Despite early burn, Sanders ignites the crowd at first night of DNC



Comedian Sarah Silverman may have called out Sanders supporters early in the evening, but ultimately it was the Vermont senator himself who had the last laugh.

Silverman, who’d been a staunch Sanders supporter for much of his campaign, made the comment while sharing the stage with comedian-turned-Senator Al Franken on the first night of the Democratic National Convention at the Wells Fargo Arena.

The two acknowledged they were stalling during their prolonged introduction for singer-songwriter Paul Simon, and Silverman’s comment came after a short, silent moment on the stage.

“To the Bernie-or-bust people, you’re being ridiculous,” she said, barely cracking what seemed like a perpetual smile on her face.

The line earned her an immediate, loud round of boos from the pockets of Sanders supporters scattered throughout the arena. Her argument echoed many other speakers’ reasonings: HIllary Clinton is tough, qualified — perhaps “the only person overqualified to be President,” Silverman said — and if she’s the Democratic candidate, then she’s the one to unite behind to defeat Donald Trump.

The booing eventually subsided as Franken pulled together an observation that he, an early Clinton supporter, and Silverman were like a “bridge” between the two factions of the Democratic party, alluding to Simon’s impending performance of “Bridge Over Troubled Water.”

But that dissatisfaction didn’t dissipate. Nearly each speaker before and after, even the likes of Michelle Obama and Elizabeth Warren, endured a round of jeers when their speech pivoted from principles to promoting the Clinton, the presumptive Democratic presidential candidate.

Those crowd-members also led the loudest cheers of the night, by far, when Bernie took the stage, making him the only person who had to wait for the crowd to die down before he could speak.  

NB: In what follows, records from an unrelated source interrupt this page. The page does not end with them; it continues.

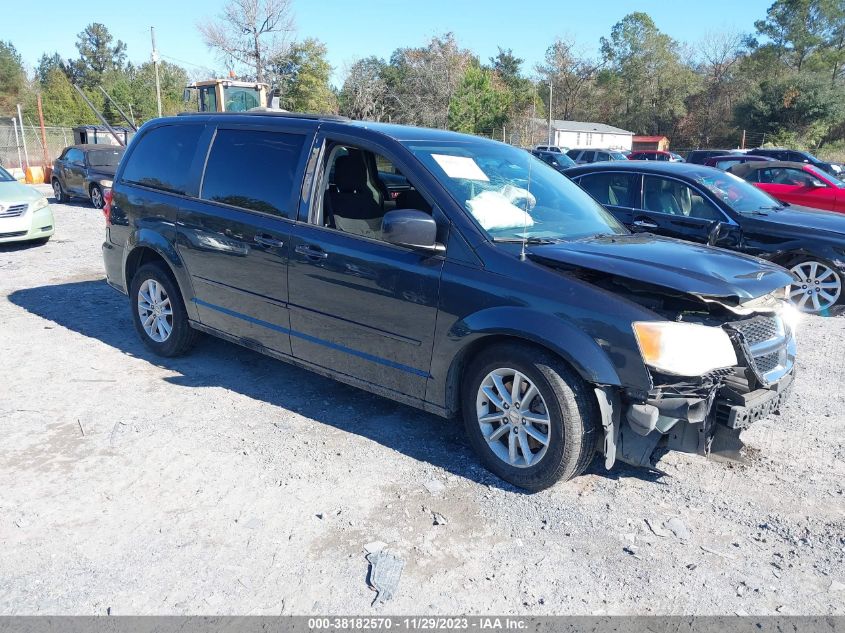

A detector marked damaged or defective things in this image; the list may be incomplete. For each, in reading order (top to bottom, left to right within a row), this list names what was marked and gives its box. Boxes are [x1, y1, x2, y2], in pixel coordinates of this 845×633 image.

front-end collision damage [592, 292, 796, 470]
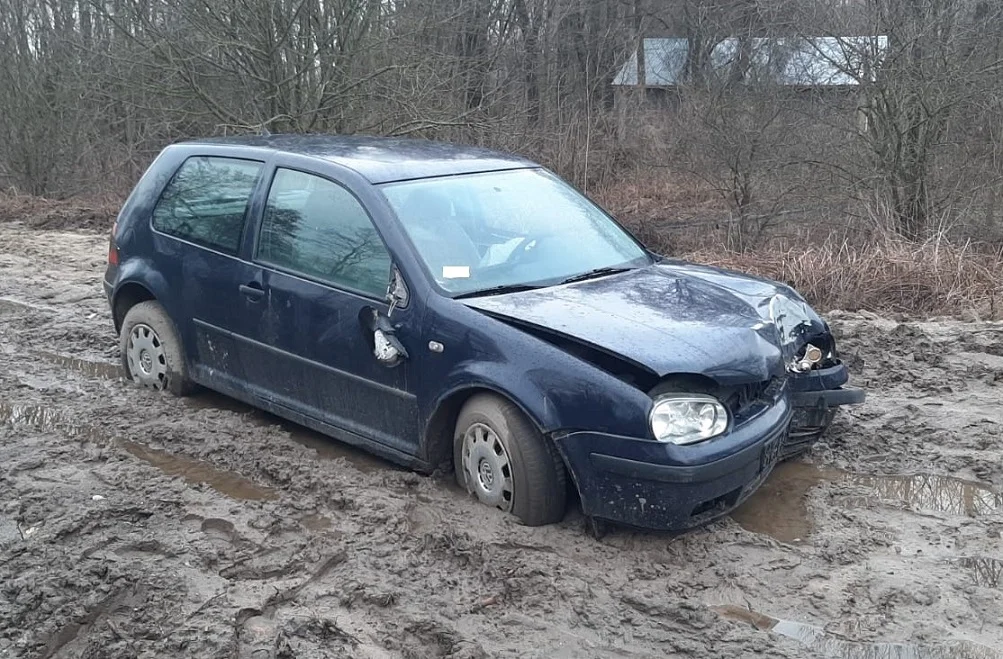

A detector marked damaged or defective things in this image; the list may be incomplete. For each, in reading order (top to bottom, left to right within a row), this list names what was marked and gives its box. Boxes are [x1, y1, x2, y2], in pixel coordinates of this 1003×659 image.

damaged blue car [106, 137, 868, 532]
broken headlight [652, 394, 728, 446]
crumpled front bumper [552, 364, 868, 532]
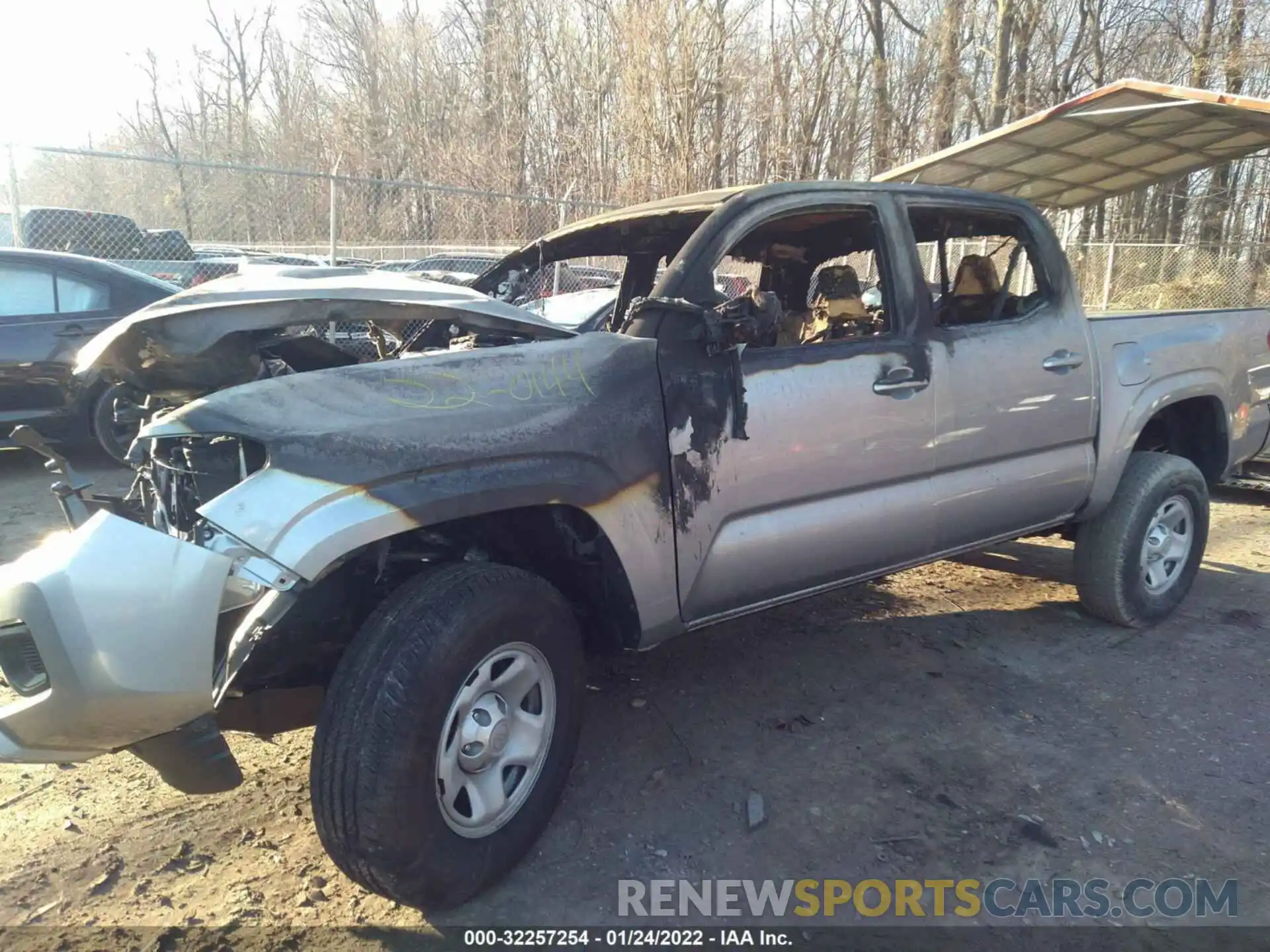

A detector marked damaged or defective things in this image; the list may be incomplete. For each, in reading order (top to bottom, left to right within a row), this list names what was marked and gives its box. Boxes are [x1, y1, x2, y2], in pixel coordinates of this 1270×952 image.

Ironically, he got the most resounding cheers than anyone else when he declared his own support for Clinton. The crowd was even louder when he said he was looking forward to their presence at roll call the next day, alluding to the fact that delegates could still cast votes for him, despite Clinton being the presumptive nominee.

“Thank you for being here … I look forward to your votes during the roll call tomorrow night.” He said early on.

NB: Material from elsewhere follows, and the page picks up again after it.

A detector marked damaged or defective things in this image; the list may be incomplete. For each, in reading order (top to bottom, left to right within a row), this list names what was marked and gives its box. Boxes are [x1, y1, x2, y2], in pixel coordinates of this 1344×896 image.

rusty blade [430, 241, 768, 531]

But if that call seemed to signal an opportunity to snatch the nomination from Clinton, the rest of his speech was pointed in its support for Clinton and the work they’d already done together.

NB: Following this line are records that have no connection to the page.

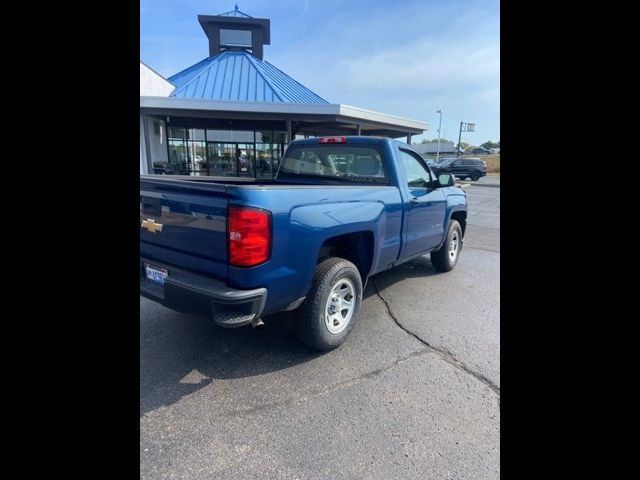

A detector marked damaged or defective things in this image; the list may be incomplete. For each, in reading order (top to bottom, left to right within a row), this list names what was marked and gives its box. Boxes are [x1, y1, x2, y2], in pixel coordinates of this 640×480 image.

cracked pavement [140, 182, 500, 478]
pavement crack [370, 278, 500, 398]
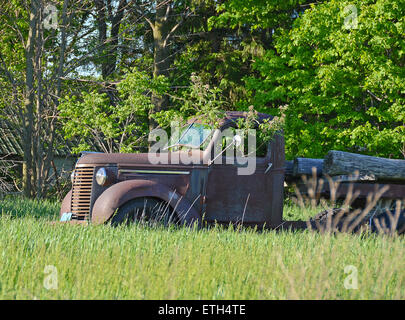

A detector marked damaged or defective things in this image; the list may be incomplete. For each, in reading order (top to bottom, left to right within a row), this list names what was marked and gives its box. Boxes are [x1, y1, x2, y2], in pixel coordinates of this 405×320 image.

rusty old truck [60, 110, 404, 232]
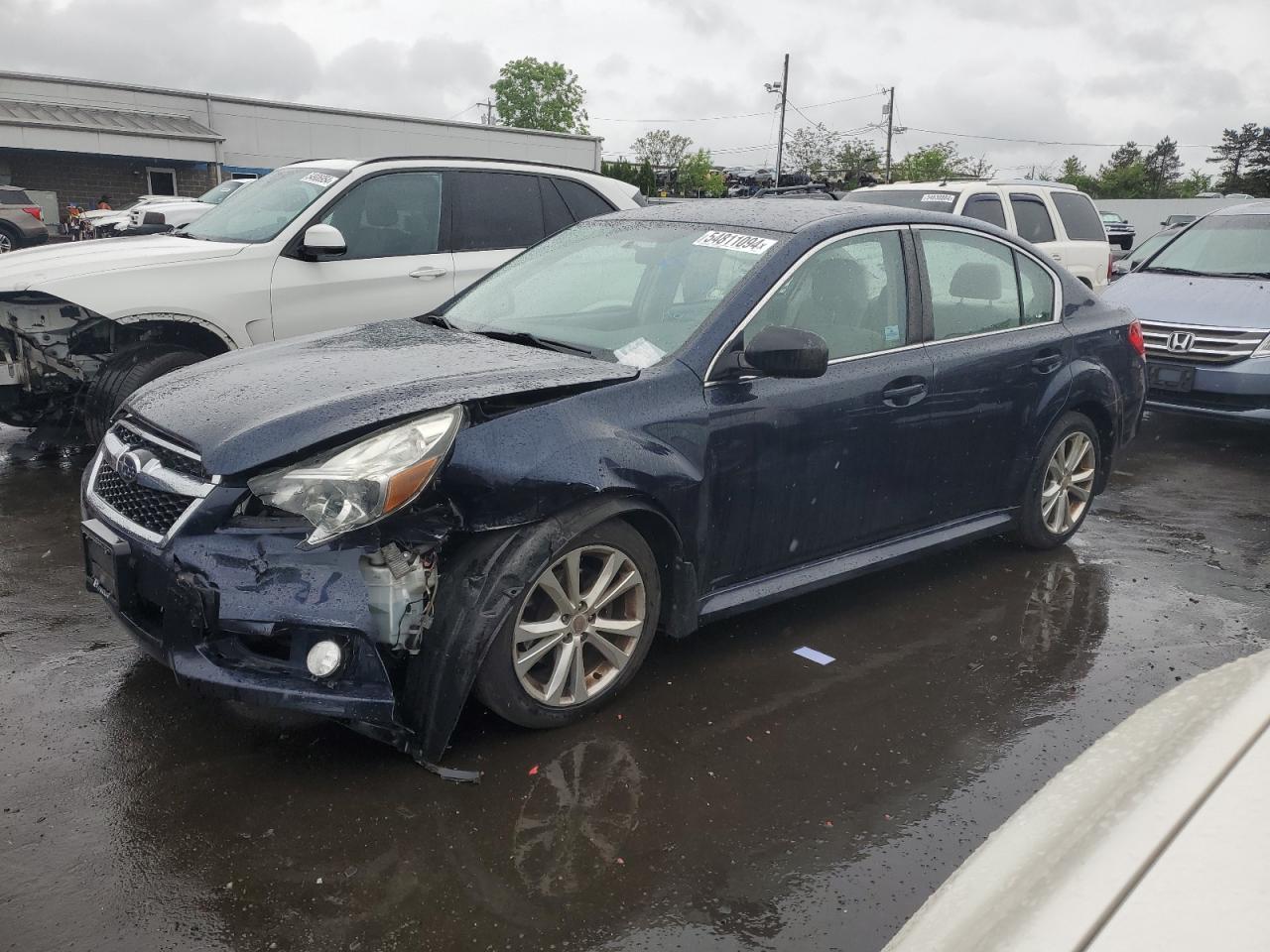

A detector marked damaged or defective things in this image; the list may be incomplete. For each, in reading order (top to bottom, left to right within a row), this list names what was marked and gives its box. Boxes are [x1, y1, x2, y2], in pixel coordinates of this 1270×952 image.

broken headlight assembly [247, 406, 467, 547]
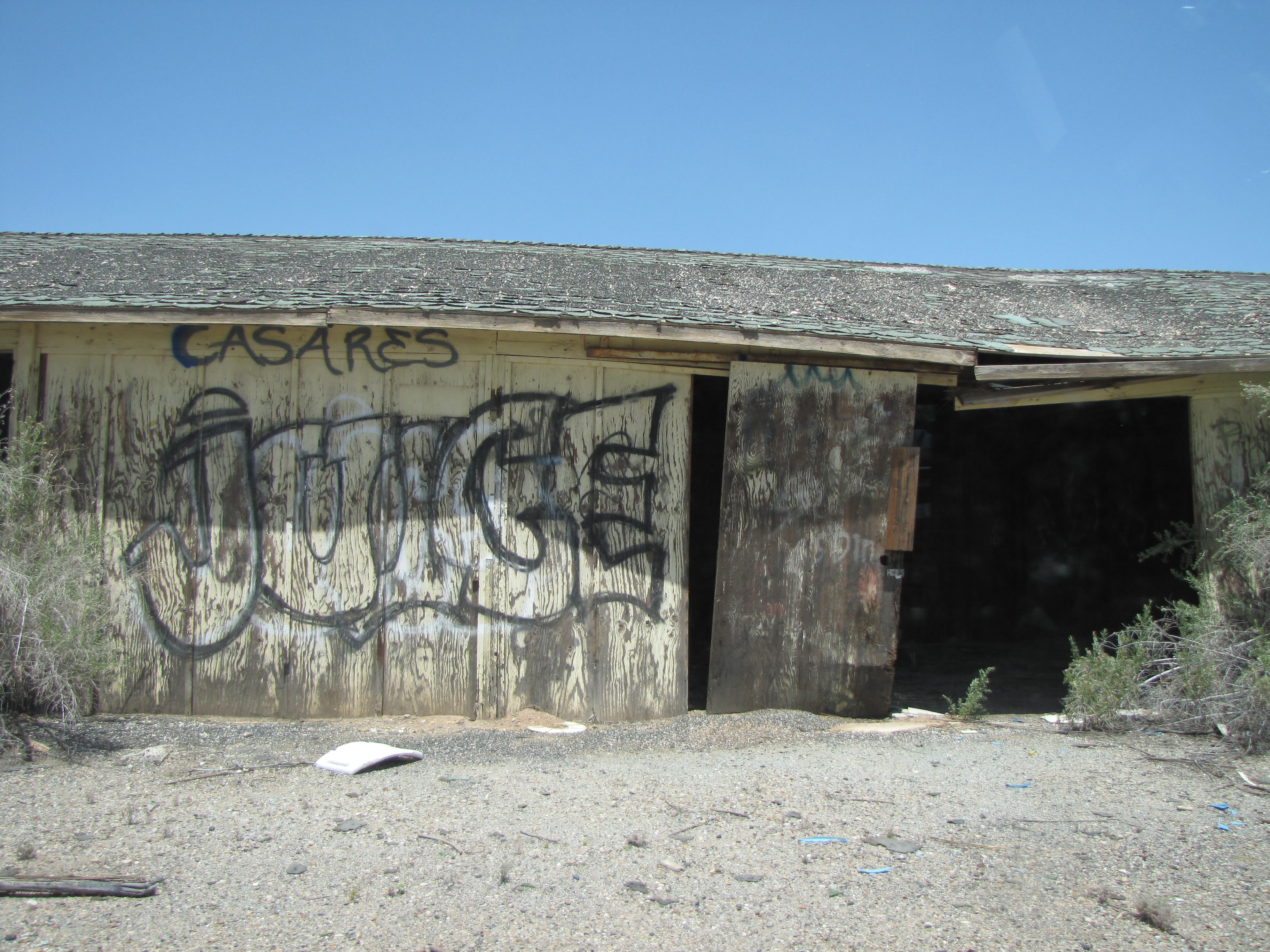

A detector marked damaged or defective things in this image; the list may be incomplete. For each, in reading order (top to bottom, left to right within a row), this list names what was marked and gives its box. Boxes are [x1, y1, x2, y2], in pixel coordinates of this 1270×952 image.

broken wooden door [710, 362, 919, 713]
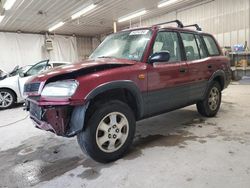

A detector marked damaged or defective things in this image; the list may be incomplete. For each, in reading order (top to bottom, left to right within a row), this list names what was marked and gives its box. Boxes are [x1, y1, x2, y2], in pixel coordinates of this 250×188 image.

damaged front bumper [25, 99, 88, 137]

The Democratic platform now includes many hallmarks of the Sanders campaign, including  breaking up the major financial institutions on Wall Street, passing a “21st-Century Glass-Steagall Act” and opposing “job-killing” trade agreements like the Trans-Pacific Partnership, or TPP.

“There was a significant coming together between the two campaigns, and we produced by far the most progressive platform in the history of the Democratic Party,” he said.